TASK INSTRUCTIONS ▸ Only the lines from the one holding "NRP1 / Neuropilin 1 Antibody (aa431-583)" through the end of the material are to be repeated, exactly and without pictures.

SUPPLIED INFORMATION ▸
>>>

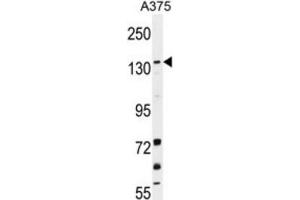 Western Blotting (WB) image for anti-Lysine (K)-Specific Demethylase 4B (KDM4B) antibody (ABIN2996453) (KDM4B Antikörper)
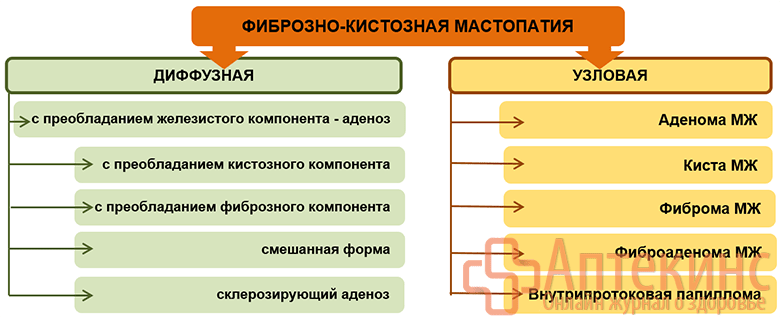 Формы фиброзно-кистозной мастопатии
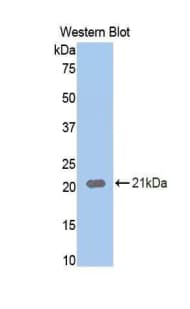 NRP1 / Neuropilin 1 Antibody (aa431-583)
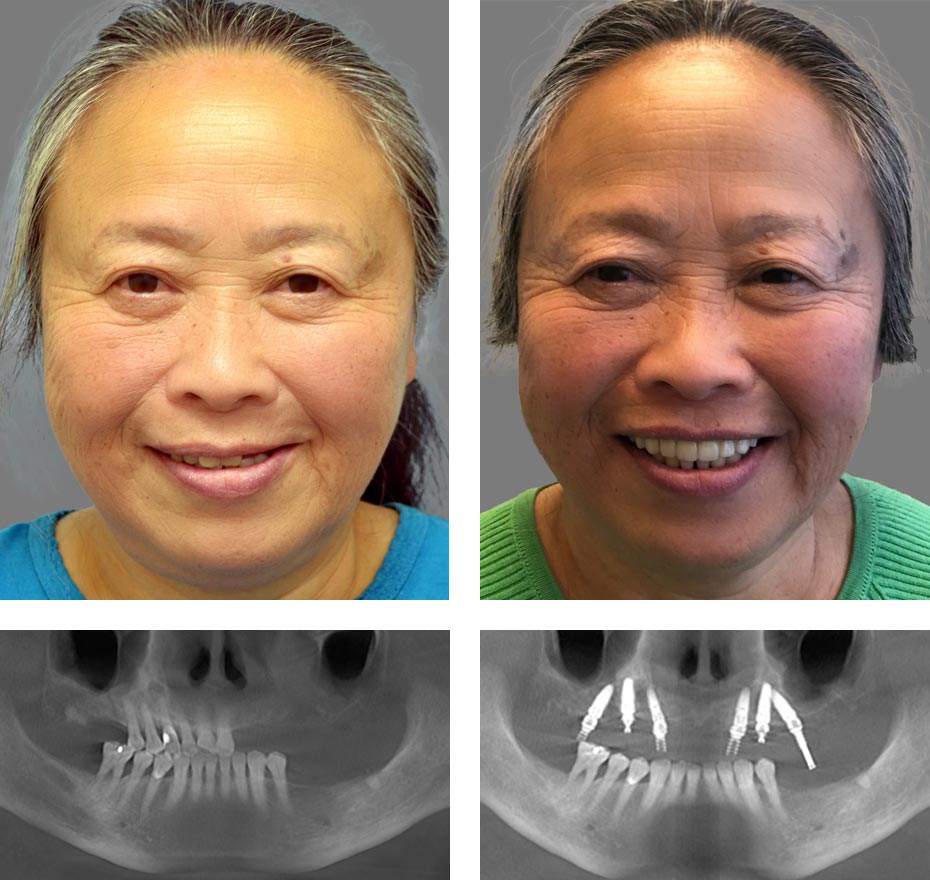 Replace Entire Smile, Full Arch Before and After 6, Alex Rabinovich at San Francisco Dental Implants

<<<

EXERCISE RESULT ▸
 NRP1 / Neuropilin 1 Antibody (aa431-583)
 Replace Entire Smile, Full Arch Before and After 6, Alex Rabinovich at San Francisco Dental Implants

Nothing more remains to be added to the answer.